Kubernetes Deployment (EKS)

Deploy Nemesis to Amazon EKS (Elastic Kubernetes Service) for production cloud deployments, with the same Dapr operator-managed sidecars and KEDA autoscaling as k3d/k3s.

Note

For local development, use k3d or k3s instead. EKS is intended for persistent cloud deployments where you need AWS-managed infrastructure, auto-scaling node groups, and internet-accessible endpoints.

Warning

EKS incurs AWS charges (~$244/month minimum).

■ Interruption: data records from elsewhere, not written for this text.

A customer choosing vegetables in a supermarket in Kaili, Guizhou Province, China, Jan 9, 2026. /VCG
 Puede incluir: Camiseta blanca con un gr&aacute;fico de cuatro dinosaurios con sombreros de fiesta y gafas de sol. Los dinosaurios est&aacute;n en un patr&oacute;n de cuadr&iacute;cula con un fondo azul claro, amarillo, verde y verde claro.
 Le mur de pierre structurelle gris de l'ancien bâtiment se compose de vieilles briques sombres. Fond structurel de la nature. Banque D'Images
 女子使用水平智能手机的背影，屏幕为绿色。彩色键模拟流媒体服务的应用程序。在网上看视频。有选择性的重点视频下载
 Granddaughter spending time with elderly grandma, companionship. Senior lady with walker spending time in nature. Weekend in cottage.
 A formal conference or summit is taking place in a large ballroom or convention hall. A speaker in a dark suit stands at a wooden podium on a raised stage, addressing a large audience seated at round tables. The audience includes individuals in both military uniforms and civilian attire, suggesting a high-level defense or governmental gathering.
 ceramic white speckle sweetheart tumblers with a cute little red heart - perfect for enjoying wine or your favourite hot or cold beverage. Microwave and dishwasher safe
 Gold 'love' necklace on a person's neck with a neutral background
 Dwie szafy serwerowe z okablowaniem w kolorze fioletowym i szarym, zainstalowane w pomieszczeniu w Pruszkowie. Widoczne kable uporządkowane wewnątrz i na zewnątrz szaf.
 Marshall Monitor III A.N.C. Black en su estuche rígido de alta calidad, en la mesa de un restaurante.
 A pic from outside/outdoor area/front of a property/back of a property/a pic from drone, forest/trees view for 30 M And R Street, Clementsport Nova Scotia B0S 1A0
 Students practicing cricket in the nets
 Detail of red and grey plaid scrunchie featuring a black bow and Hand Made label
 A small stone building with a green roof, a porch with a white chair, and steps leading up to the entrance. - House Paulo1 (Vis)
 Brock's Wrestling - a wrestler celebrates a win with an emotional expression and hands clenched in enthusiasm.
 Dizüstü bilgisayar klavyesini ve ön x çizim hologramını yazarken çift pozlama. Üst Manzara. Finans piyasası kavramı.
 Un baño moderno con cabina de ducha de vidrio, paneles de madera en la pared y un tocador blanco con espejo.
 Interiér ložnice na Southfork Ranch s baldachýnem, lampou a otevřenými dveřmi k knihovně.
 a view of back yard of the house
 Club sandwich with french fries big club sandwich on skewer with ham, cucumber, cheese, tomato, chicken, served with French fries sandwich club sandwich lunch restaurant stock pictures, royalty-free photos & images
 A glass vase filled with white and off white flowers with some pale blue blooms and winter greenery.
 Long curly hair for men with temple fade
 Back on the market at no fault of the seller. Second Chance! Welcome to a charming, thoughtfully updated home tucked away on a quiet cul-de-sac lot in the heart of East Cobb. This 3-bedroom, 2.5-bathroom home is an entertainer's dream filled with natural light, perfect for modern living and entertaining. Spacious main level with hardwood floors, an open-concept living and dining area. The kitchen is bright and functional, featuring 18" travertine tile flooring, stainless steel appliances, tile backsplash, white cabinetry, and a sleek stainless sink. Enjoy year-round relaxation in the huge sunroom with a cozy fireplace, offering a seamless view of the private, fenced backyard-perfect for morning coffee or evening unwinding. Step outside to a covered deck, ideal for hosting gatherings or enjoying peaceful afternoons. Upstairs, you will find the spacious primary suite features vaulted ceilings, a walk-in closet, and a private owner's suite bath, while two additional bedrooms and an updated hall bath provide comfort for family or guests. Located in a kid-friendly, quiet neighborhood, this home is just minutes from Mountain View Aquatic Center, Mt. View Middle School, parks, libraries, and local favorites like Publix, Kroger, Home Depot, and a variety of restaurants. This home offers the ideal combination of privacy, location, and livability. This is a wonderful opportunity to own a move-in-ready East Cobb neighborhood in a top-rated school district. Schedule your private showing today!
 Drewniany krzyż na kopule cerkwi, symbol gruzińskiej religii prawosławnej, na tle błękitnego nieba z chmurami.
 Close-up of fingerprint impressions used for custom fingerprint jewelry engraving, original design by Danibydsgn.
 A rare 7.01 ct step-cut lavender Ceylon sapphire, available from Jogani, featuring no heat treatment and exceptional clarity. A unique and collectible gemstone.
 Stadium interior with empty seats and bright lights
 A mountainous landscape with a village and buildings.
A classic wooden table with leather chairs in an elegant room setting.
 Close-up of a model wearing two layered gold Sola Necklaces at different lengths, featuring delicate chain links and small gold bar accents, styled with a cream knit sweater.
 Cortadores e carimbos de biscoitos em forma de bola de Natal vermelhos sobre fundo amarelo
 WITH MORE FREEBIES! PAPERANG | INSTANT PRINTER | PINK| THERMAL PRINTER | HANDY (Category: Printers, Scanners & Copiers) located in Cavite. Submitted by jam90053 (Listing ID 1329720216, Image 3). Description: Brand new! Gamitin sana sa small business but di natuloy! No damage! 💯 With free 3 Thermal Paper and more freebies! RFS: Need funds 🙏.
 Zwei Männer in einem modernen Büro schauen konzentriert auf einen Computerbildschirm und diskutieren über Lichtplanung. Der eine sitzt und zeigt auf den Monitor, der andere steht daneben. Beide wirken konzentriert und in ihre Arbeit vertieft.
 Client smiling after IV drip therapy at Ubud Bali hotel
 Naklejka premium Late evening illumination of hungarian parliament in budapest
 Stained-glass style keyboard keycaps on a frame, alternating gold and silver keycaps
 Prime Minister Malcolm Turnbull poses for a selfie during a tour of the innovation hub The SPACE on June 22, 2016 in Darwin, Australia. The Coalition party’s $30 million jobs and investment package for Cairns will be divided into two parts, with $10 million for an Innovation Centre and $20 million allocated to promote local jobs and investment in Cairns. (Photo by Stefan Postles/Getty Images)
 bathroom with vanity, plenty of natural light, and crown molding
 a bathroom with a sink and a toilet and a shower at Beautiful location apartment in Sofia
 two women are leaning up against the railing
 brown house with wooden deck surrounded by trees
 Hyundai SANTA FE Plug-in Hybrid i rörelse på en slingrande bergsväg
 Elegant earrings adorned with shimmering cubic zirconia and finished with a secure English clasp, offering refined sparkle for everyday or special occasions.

See Cost Management and always tear down when done.

Why EKS?

Aspect	k3d	k3s	EKS
Runtime	k3s inside Docker	Native on host	AWS-managed Kubernetes
Infrastructure	Local	VM / bare-metal	AWS cloud
Cost	Free	Free	~$300+/month
Storage	Local disk	Local disk	EBS (gp3) + EFS (elastic)
Load balancer	Docker port mapping	ServiceLB (Klipper)	AWS NLB
Node scaling	Manual	Manual	Managed node groups (auto)
Best for	Local dev, CI	VMs, production-like	Cloud production, team use

System requirements are the same as k3d/k3s (4 cores, 12+ GB RAM per node, 100 GB disk).

Prerequisites

Tools

Tool	Install
AWS CLI v2	See AWS docs
eksctl	See Eksctl docs
kubectl	See K8s docs
Helm	`curl https://raw.githubusercontent.com/helm/helm/main/scripts/get-helm-3 \\| bash`

Dapr and KEDA are installed automatically via Helm by the setup script.

AWS Account Setup

You need an AWS account with an IAM user that has programmatic access.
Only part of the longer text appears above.